Los partidos socialistas europeos, con más o menos intensidad según las características de su evolución y las circunstancias históricas de su entorno, oscilan desde el abigarramiento ideológico del socialismo francés a las seguridades alemanas y al pragmatismo británico; se han convertido en partidos reformistas que aceptan sin grandes complejos la arquitectura institucional y estructura socioeconómica de sus respectivos países, transformándose en ejes fundamentales de estabilidad nacional.
En el caso del PSOE sin embargo, éste mantiene un grado poco razonable de contradicción entre su discurso en la oposición y sus tareas como partido de gobierno, seña de identidad por desgracia también del partido del centro derecha español, y desde un punto de vista ideológico podemos acusarle de una «flojera» más intensa a partir de los mandatos de Zapatero, quien renunció a una propuesta de política general para hacer una serie de propuestas sectoriales más o menos radicales y sin ninguna vocación unitaria.
Ese vacío ha sido compensado por un debate confuso sobre el concepto de nación, influido por nuestra reciente historia y por la escasa influencia en el seno del partido de lo que podemos denominar, con vocación de amplitud, la Ilustración: el predominio de la razón sobre prejuicios ideológicos o sentimentales en el análisis de los problemas de la sociedad.
Justamente esa inquietante indefinición no sólo le impide al socialismo español ser una alternativa, sino ser eje de estabilidad del país, problema que no es de ahora ni ha sido fraguado por la actual dirección aunque la responsabilidad es muy amplia, porque a los actores principales -Maragall a la cabeza del criptonacionalismo del PSC, principales ideólogos y líderes en los periodos de Zapatero, sobre todo de la primera legislatura- se deben unir los que en la disciplina escondían su resignación, y a su miedo llamaron prudencia .
No es un partido fiable aquel que cuando le corresponde el frío y desagradable papel de oposición se lía la manta a la cabeza y pone en entredicho aspectos básicos de la convivencia de una sociedad, como su organización territorial. Y por desgracia, desde la dimisión de Joaquín Almunia, el PSOE ha realizado dos propuestas de modificación radical del «Estado de las Autonomías»: una en Santillana del Mar, para dar cobertura a las ambiciones de Pascual Maragall y la segunda en Granada, para dar cobertura a un PSC que navega a la deriva ideológica y electoral desde que le descabalgaron con trapacerías de baja política.
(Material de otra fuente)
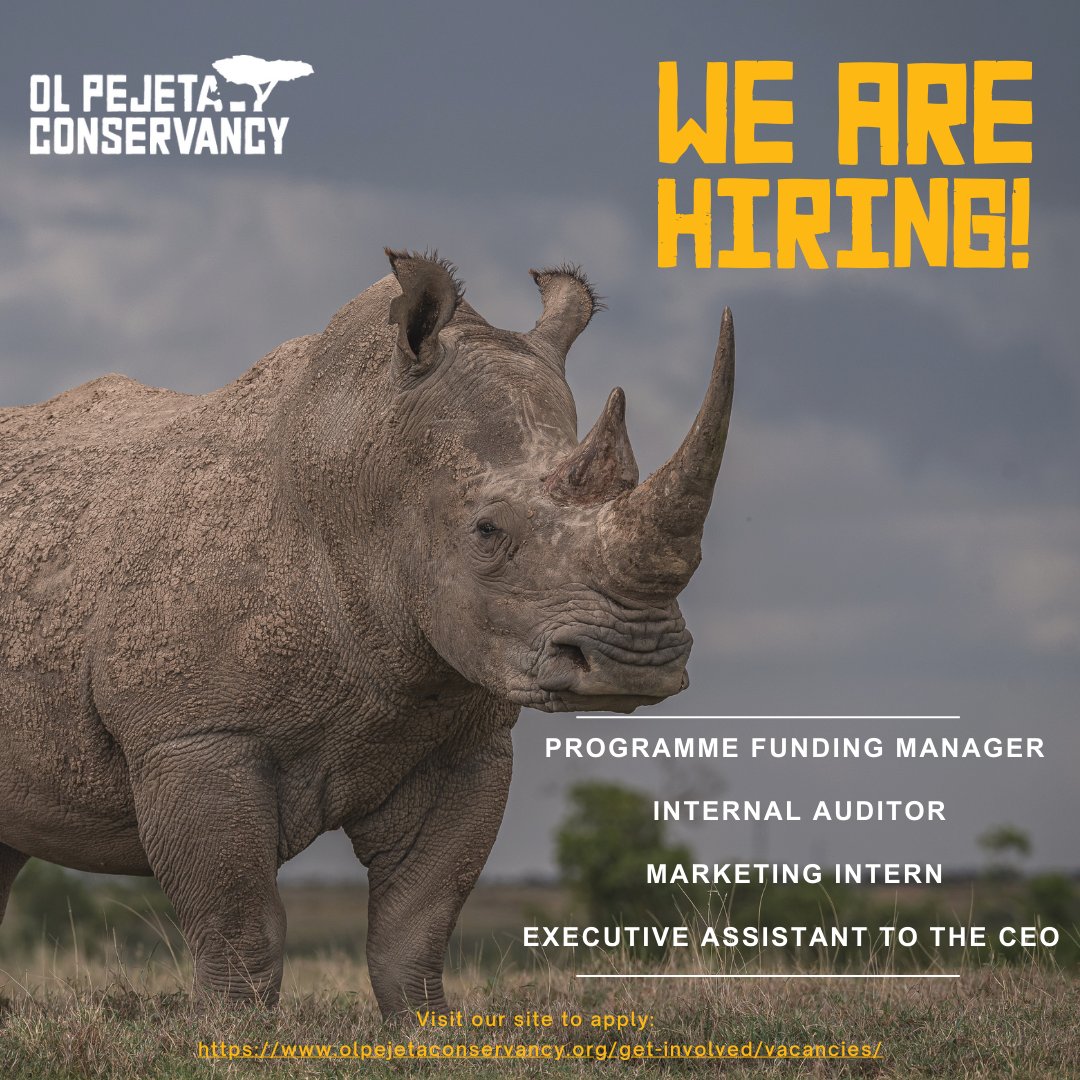 Join our team!
We are on the lookout for talented individuals for multiple positions, offering unique opportunities to make a difference in wildlife conservation, tourism, hospitality, fundraising and more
El exalcalde de Barcelona era creíble porque se lo creía; el problema no lo planteo él, lo generó la debilidad argumental, intelectual y moral de los que no compartían sus posiciones. No existe entre los partidos hermanos un caso parecido de duda, debilidad o insatisfacción sobre la realidad que les ha correspondido gobernar y en la que están llamados a influir, y esta peculiaridad negativa tiene una repercusión suicida en la sociedad española. Una nación, entendida como conjunto de ciudadanos libres e iguales por y ante las mismas leyes, no puede desenvolverse con la estabilidad necesaria para enfrentar el futuro si justamente no tiene clara esta premisa básica e inexcusable.
Para nosotros los socialdemócratas, que defendemos la igualdad y la libertad con igual pasión, todo es posible mientras no atente contra estos conceptos, que son también, para sorpresa de muchos, los ejes en los que se basa «la nación cívica», opuesta totalmente a la nación de los nacionalistas , donde la libertad, que no puede ser más que individual, sucumbe ante el poderío incontenible del todo, en la que el grupo gana y la persona pierde; sin garantizar, como algunos pueden suponer, una igualdad olvidada y preterida por la ilusión del único objetivo de una comunidad nacionalista.